Today, the European Parliament will vote on legislation from the European Commission aimed at ensuring that women would comprise 40 per cent of non-executive directors at listed companies, with the exception of SMEs, by 2020.
Currently, 85 per cent of non-executive board members and 91 per cent of executives are men.
It’s an amazing statistic when you consider that women make up 60 per cent of university graduates in Europe. The commission reckons it would take 40 years for the quota level to be reached at the current rate of progress, hence its intervention.
The long lead time to the deadline will be helpful to Irish companies who are some way behind the European average when it comes to female representation on boards – 10.7 per cent versus the EU average of 16.6 per cent.
Finland and Latvia (where no quota regulations exist) lead the way with an impressive 29 per cent figure based on a survey conducted between October 2012 and April.
Encouragingly, Ireland was one of 20 member states were the representation of women increased. Still, an average of roughly one in nine is pretty dismal.
Danuta Gray’s retirement last week from the board of Aer Lingus has probably knocked our average down a notch. She and Thomas Moran stepped down and were replaced by three men – John Hartnett, Nigel Northridge and Nicolas Villen.

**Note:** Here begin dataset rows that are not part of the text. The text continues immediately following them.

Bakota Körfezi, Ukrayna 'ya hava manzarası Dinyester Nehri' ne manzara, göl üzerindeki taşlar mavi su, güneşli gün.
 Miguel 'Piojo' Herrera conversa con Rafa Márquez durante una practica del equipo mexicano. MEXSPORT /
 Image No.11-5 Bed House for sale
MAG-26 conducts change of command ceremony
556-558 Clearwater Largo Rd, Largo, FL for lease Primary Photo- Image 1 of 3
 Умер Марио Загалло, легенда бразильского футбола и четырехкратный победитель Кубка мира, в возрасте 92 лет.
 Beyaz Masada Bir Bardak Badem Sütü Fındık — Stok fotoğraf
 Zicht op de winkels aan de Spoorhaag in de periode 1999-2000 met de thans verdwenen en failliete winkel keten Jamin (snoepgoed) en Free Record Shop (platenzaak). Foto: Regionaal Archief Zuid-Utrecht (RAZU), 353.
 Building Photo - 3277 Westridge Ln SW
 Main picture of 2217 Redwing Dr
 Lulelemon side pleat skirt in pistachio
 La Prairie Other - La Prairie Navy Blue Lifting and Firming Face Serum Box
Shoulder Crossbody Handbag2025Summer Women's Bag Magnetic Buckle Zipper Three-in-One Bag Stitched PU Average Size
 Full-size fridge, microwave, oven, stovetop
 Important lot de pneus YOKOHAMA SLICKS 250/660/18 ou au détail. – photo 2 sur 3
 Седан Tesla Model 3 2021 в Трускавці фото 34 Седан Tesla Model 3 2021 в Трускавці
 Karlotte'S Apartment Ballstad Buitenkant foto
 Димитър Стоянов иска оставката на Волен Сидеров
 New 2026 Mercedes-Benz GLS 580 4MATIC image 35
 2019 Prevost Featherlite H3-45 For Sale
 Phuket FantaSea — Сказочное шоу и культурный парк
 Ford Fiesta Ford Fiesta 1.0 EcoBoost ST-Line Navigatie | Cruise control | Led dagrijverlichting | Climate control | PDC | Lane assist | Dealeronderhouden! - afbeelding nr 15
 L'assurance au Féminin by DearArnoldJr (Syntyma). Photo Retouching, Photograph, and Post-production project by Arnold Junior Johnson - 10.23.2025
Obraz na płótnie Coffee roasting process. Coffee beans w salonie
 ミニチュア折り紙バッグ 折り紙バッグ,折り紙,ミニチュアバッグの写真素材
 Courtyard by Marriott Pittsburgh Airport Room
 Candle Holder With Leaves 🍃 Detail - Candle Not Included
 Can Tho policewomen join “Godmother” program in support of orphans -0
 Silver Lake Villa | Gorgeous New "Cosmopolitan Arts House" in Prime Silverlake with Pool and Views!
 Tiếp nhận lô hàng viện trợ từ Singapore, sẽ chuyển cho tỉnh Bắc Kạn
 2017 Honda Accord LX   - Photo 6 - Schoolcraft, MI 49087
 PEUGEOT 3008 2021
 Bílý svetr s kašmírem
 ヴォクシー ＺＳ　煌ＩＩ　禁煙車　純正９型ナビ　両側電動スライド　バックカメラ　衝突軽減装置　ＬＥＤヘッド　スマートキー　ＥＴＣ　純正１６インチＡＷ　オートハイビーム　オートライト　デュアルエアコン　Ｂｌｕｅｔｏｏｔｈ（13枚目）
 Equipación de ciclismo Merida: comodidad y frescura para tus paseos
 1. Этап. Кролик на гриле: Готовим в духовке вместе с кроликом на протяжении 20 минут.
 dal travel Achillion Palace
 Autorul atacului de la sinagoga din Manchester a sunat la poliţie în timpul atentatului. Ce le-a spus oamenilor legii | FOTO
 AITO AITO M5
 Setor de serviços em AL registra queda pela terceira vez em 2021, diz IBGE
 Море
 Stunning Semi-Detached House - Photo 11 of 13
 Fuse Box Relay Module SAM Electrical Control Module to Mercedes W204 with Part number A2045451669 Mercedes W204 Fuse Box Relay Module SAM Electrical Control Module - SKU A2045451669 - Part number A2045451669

On the plus side, the sisters could rejoice at Siobhán Talbot taking over as managing director of food group Glanbia on November 12th, having been a board member since 2009.
She is against quotas, telling me this week that they were a “blunt instrument” used by politicians to simply get a monkey off their backs.
Somers also wonders why we should stop at women. Why not have ethnic quotas? Or quotas requiring certain sectoral or non-sectoral experience?
Somers argues that companies should explain their strategy for board diversity each year and account to shareholders as to whether they have complied with this. In her view, such transparency would, over time, lead to significant changes in the make up of Irish boards.
It might also deal with the view that many board appointments in Ireland are as much about the old boys network as a person’s experience, skills or knowledge.
Somers also questions why this is being limited to listed companies. If implemented, the EU’s directive would apply to about 5,000 listed companies. In Ireland, the number will be about 40, depending on how you define the universe.
It will be interesting to see how the vote today plays out. As with many issues, there is no consensus among member states. Just 11 have already legislated for this matter and many at a lower level than the proposed 40 per cent.
In Britain, it is recommended that women comprise 25 per cent of all board members at FTSE 100 companies by 2015. Forcing a 40 per cent quota on the UK might just give them another reason to feel that they don’t need to be part of the EU.
Maybe we shouldn’t beat ourselves up. The commission’s analysis shows that in Japan, just 1 per cent of board members were women. The figure was 5 per cent in Russia, 10 per cent in Canada, and 16 per cent in the US (bang in line with the European average).
The commission’s argues that implementing the quota in Europe will lead to more diversity on boards, better decision making and performance, stronger ethics, and a better understanding of the economic forces at play, given that women are estimated to control 70 per cent of consumer decisions.
On that basis, what’s everyone waiting for?